Une étude européenne commandée par HP révèle que les décideurs informatiques mettent en priorité la sécurité de leurs équipements. La conception et les outils collaboratifs représentent également une préoccupation grandissante.

 Source Communication Corporate :

25 avril 2016 – Une nouvelle étude révèle que, tandis qu’un quart des entreprises à travers l’Europe affirment avoir subi un incident de sécurité sur leurs équipements au cours des 12 derniers mois, moins d’un tiers d’entre elles (32 %) font entièrement confiance au niveau de sécurité de leur parc informatique. Parmi les principaux résultats de l’étude :

·         90 % des décideurs informatiques déclarent que la sécurité des équipements constitue aujourd’hui une préoccupation pour leur entreprise.

·         Plus de trois quart des décideurs informatiques pensent que la bonne conception d’un PC fait partie des critères de satisfaction au travail.

·         Plus de la moitié des décideurs informatiques indiquent que leurs collaborateurs utilisent des outils de vidéoconférence sur leur PC au moins deux fois par semaine.
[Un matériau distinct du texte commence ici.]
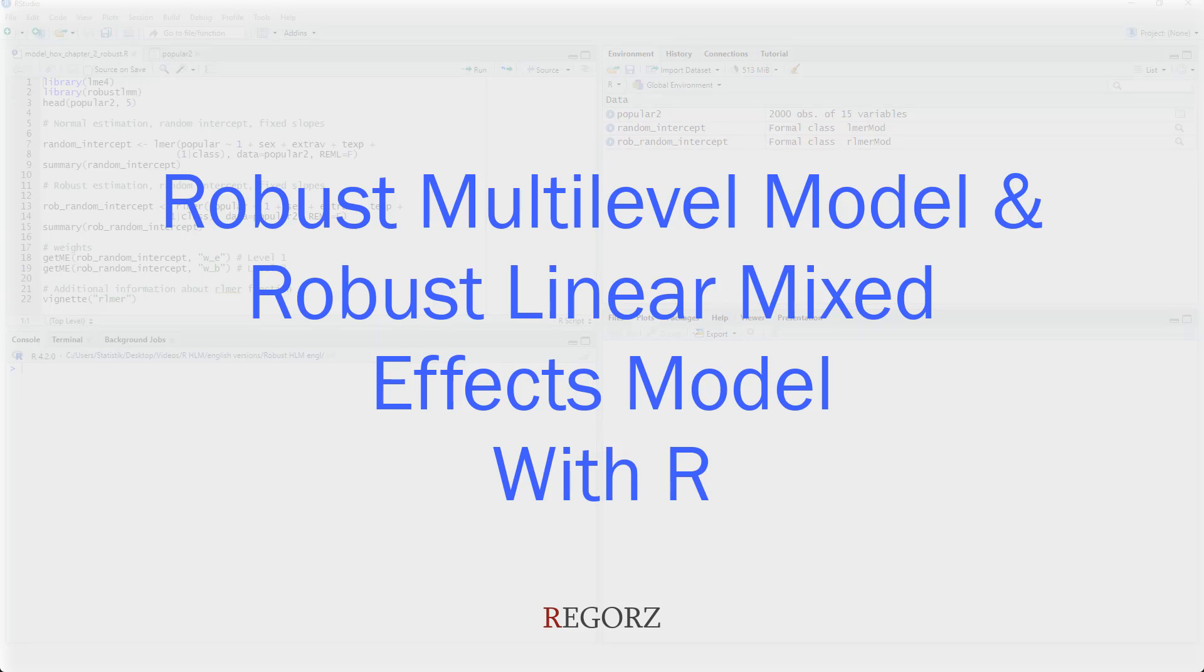Hi. Welcome to this tutorial about robust multilevel modeling, or robust linear mixed effects modeling, or robust hierarchical linear modeling. Those are different names for the same set of techniques. Here we'll show you a robust alternative to the normal maximum likelihood estimation.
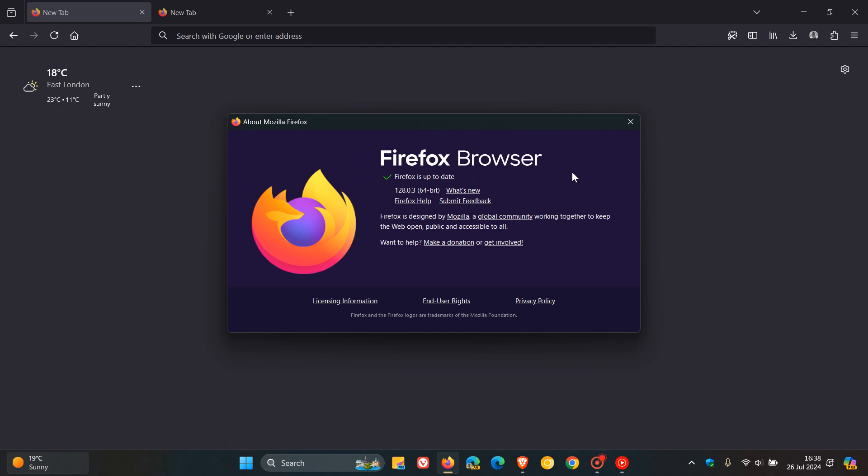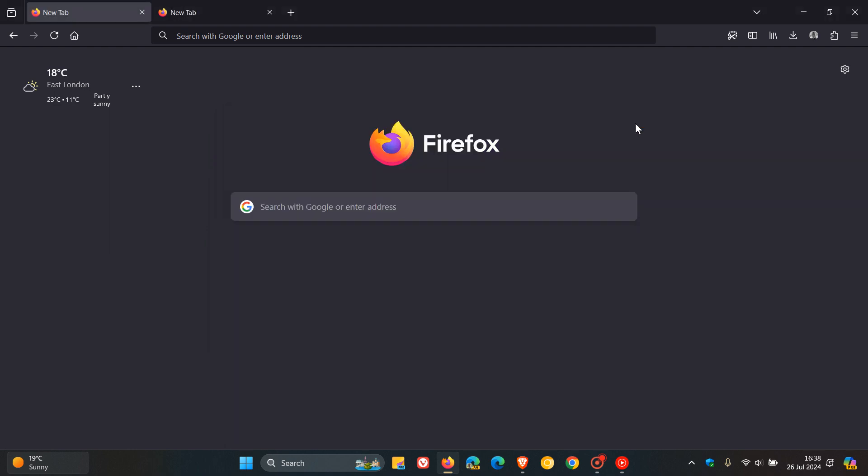Just a quick video to put it out there if you are using the browser. That's the second bug fix update we've received over the course of this last week on version 128, which rolled out earlier today on the 26th of July. Thanks for watching and I'll see you guys in the next one.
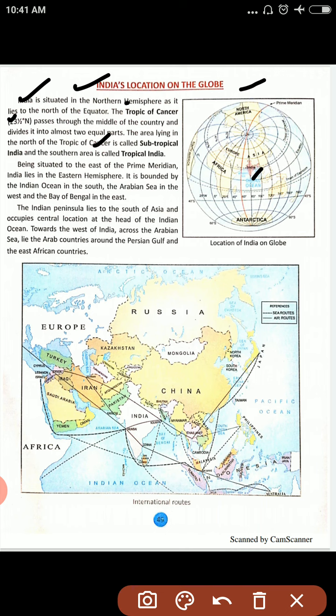The area lying to the north of the Tropic of Cancer is called subtropical India, and the southern area is called tropical India. Being situated to the east of the primary meridian, India lies in the eastern hemisphere.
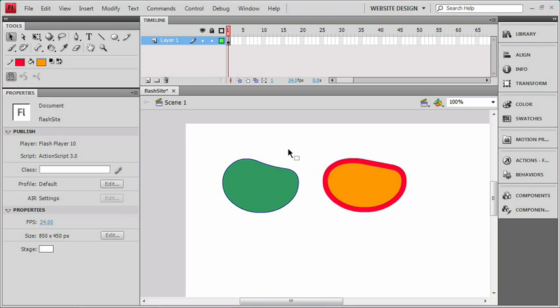Groups are fairly handy, and if you import a lot of your artwork from Illustrator, you'll find that most items from Illustrator come in as groups, so you'll need to deal with those that way.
L’étude commandée par HP a été réalisée par Redshift Research dans sept pays européens auprès de 1016 décideurs informatiques, dont 205 en France. Ils ont été interrogés sur l’utilisation des équipements dans leur entreprise et les résultats font apparaître une inquiétude au sujet des technologies actuelles ; 90 % des participants étant particulièrement préoccupés par la sécurité des équipements.

Cependant, si les décideurs informatiques soulignent l’importance de la sécurité des équipements, ils reconnaissent que la conception est également un critère essentiel pour eux. Elle favorise la flexibilité au travail et contribue à la satisfaction des collaborateurs. Plus de deux tiers (69 %) des responsables interrogés estiment que la conception d’un PC est cruciale pour une mobilité optimale, tandis que plus des trois quarts (77 %) pensent qu’un PC bien conçu améliore la satisfaction au travail. Près de la moitié des décideurs informatiques (44 % - 47 % pour la France) admettent l’absence d’une politique de BYOD dans leur entreprise. Les équipements fournis par leur service informatique jouent de ce fait un rôle d’autant plus important pour les collaborateurs, surtout que la génération Y représente une proportion croissante du personnel.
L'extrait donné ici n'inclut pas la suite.